Efficient Arbitrary Precision Acceleration for Large Language Models on GPU Tensor Cores
Shaobo Ma, Chao Fang, Haikuo Shao, Zhongfeng Wang
TL;DR
This work tackles the bottlenecks of deploying ultra-low-bit quantized LLMs on GPUs by introducing a bipolar-INT data format and a full pipeline for arbitrary-precision MatMul via bit-level decomposition and recovery. It combines matrix preprocessing and a recovery-oriented memory management strategy to maximize shared-memory usage and minimize global-memory traffic, achieving significant speedups over baseline tensor-core implementations. The approach delivers up to 2.4x MatMul speedup against NVIDIA CUTLASS and up to 6.7x end-to-end LLM inference acceleration, demonstrating practical viability for diverse models (e.g., Llama2-7B, OPT-6.7B, BLOOM-7B). Overall, the methods enable true arbitrary-precision acceleration on GPUs, broadening the deployment of ultra-low-bit LLMs in real-time applications.
Abstract
Large language models (LLMs) have been widely applied but face challenges in efficient inference. While quantization methods reduce computational demands, ultra-low bit quantization with arbitrary precision is hindered by limited GPU Tensor Core support and inefficient memory management, leading to suboptimal acceleration. To address these challenges, we propose a comprehensive acceleration scheme for arbitrary precision LLMs. At its core, we introduce a novel bipolar-INT data format that facilitates parallel computing and supports symmetric quantization, effectively reducing data redundancy. Building on this, we implement an arbitrary precision matrix multiplication scheme that decomposes and recovers matrices at the bit level, enabling flexible precision while maximizing GPU Tensor Core utilization.

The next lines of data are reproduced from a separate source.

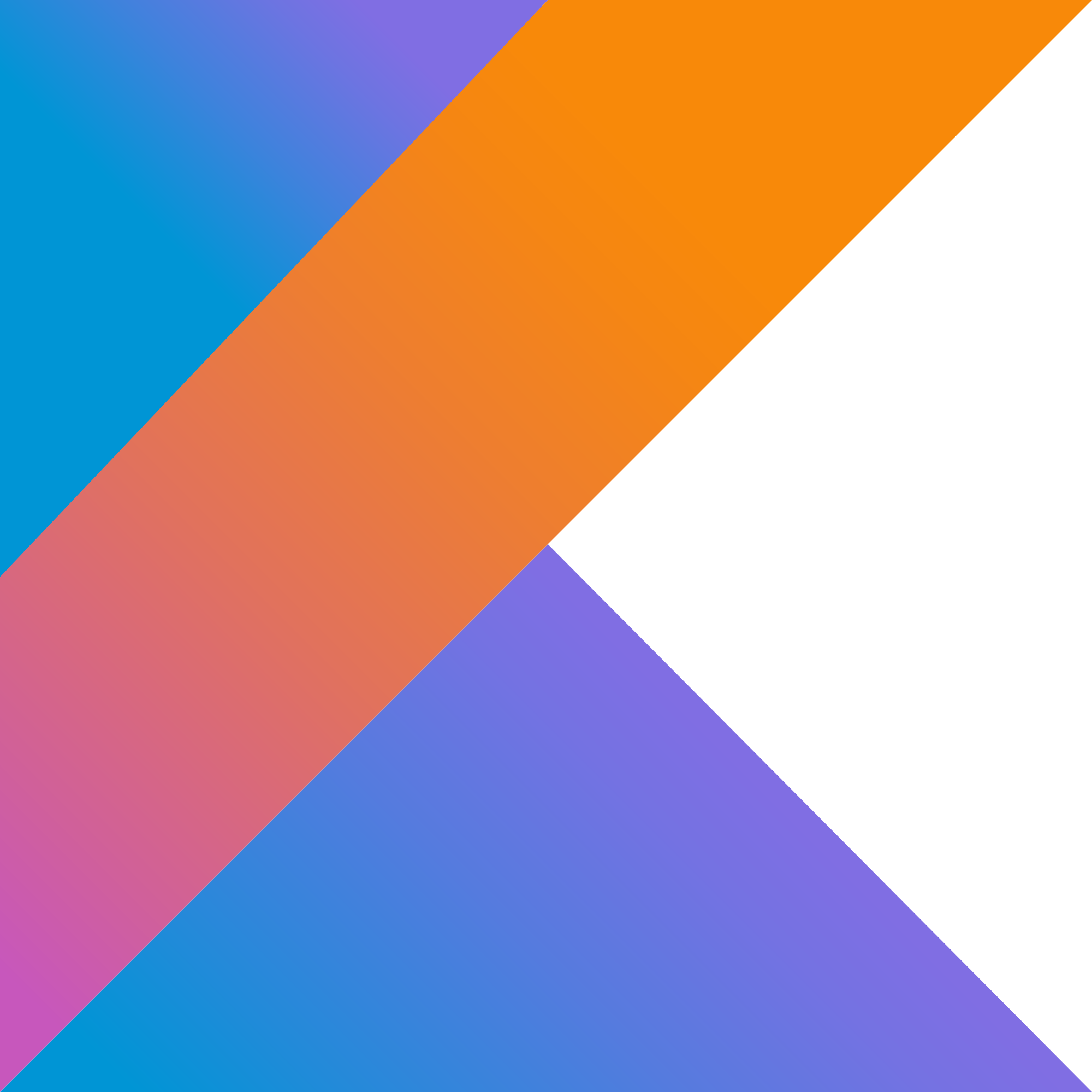 Flutter logo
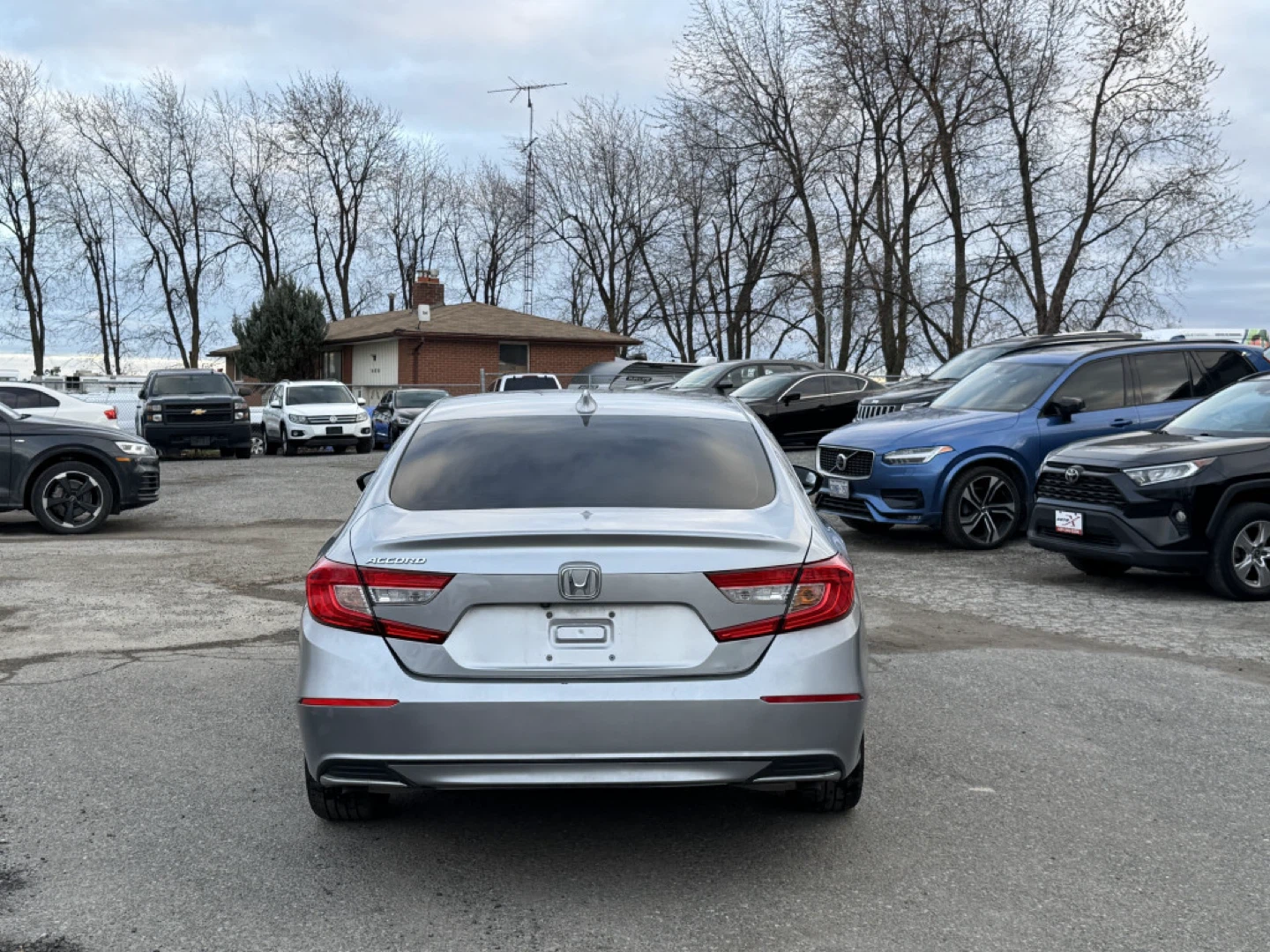 2020 Honda Accord - photo 4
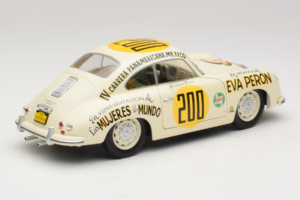 Porsche 356 Pre-A #200 J. Evans Solido 1:18 S1802801 Metall — bild 2 av 6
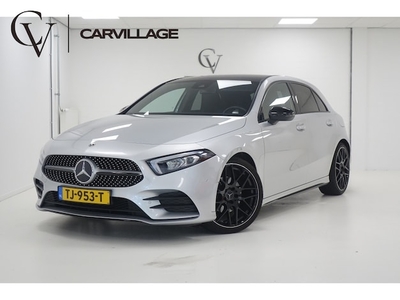 Mercedes-Benz A-klasse Benzine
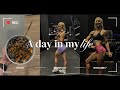 MINI DITL: who am I? leg day + FDOE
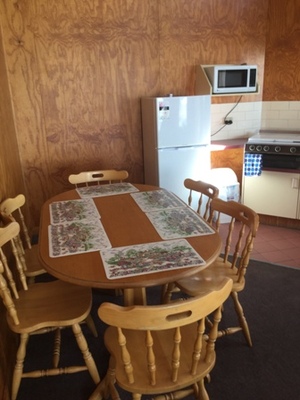 2 Bedroom Cabin - Standard Rate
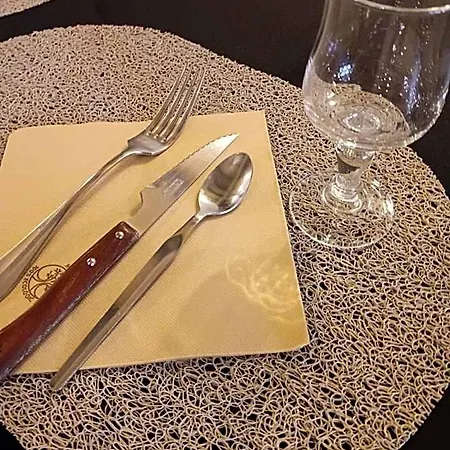 Logis Restaurant Le Palous Baraqueville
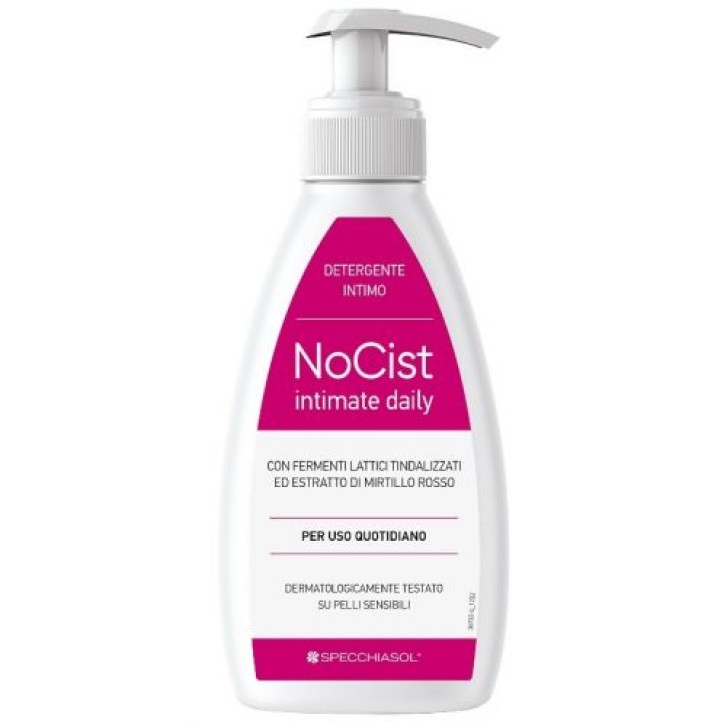 Specchiasol Nocist Intimate Daily Detergente Intimo 250 ml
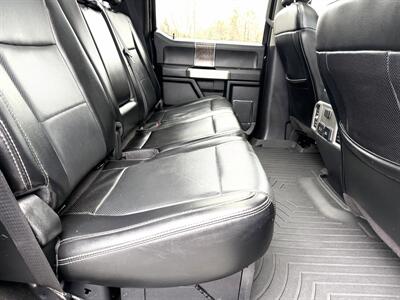 2018 Ford F-350 Crew Cab LARIAT 4X4 - Photo 21 - Finksburg, MD 21048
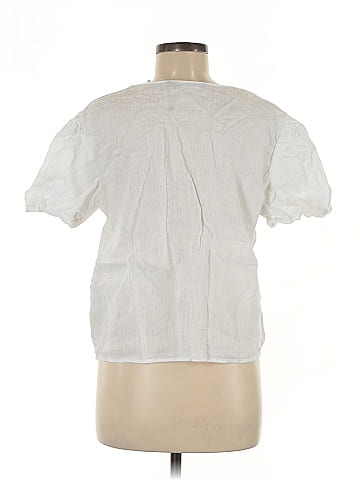 Zara Short Sleeve Blouse (view 2)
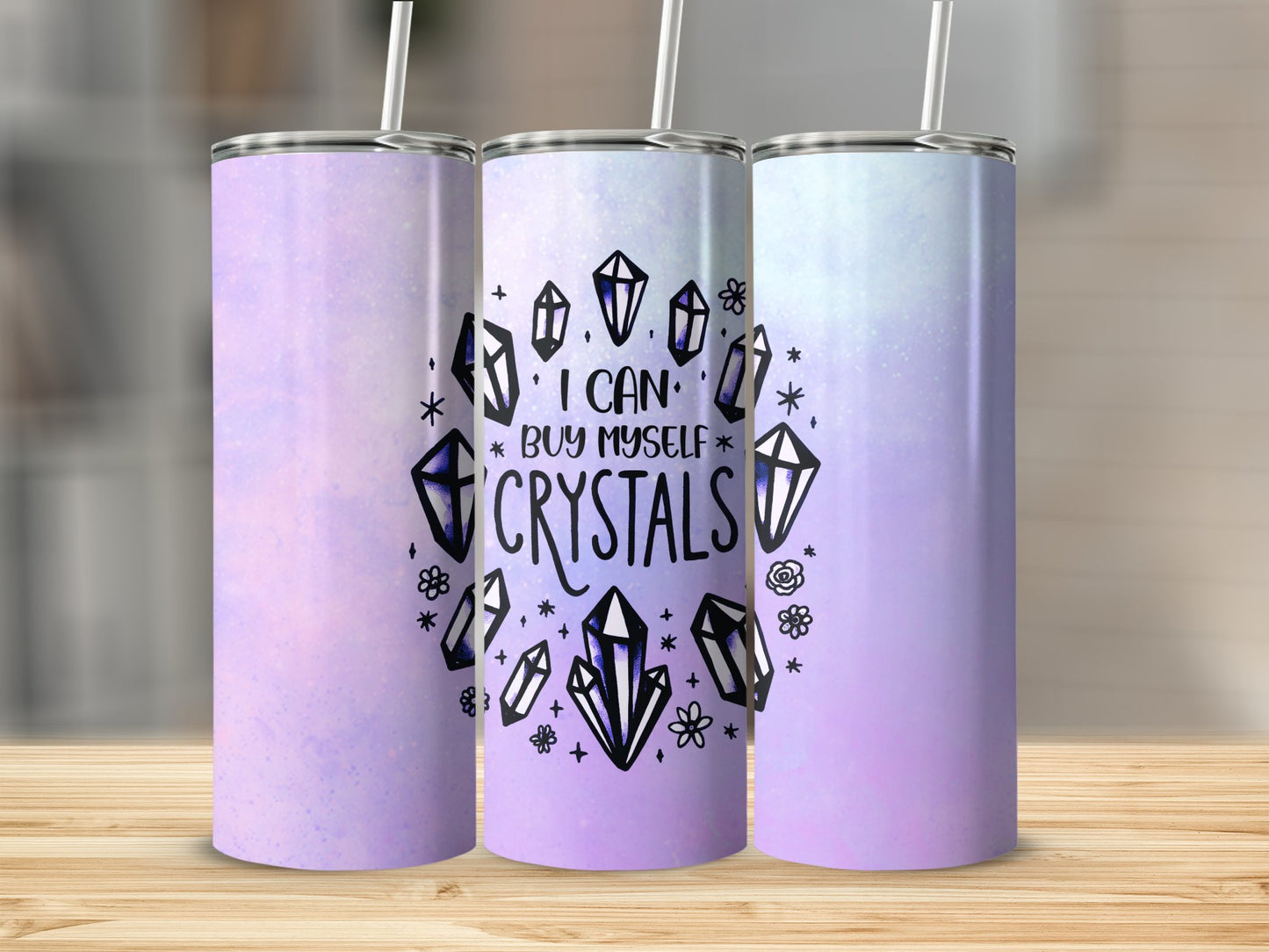 🔮 Witchy Occult Tumbler Collection 🔮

Furthermore, we develop an efficient matrix preprocessing method that optimizes data layout for subsequent computations. Finally, we design a data recovery-oriented memory management system that strategically utilizes fast shared memory, significantly enhancing kernel execution speed and minimizing memory access latency. Experimental results demonstrate our approach's effectiveness, with up to 2.4\times speedup in matrix multiplication compared to NVIDIA's CUTLASS. When integrated into LLMs, we achieve up to 6.7\times inference acceleration. These improvements significantly enhance LLM inference efficiency, enabling broader and more responsive applications of LLMs.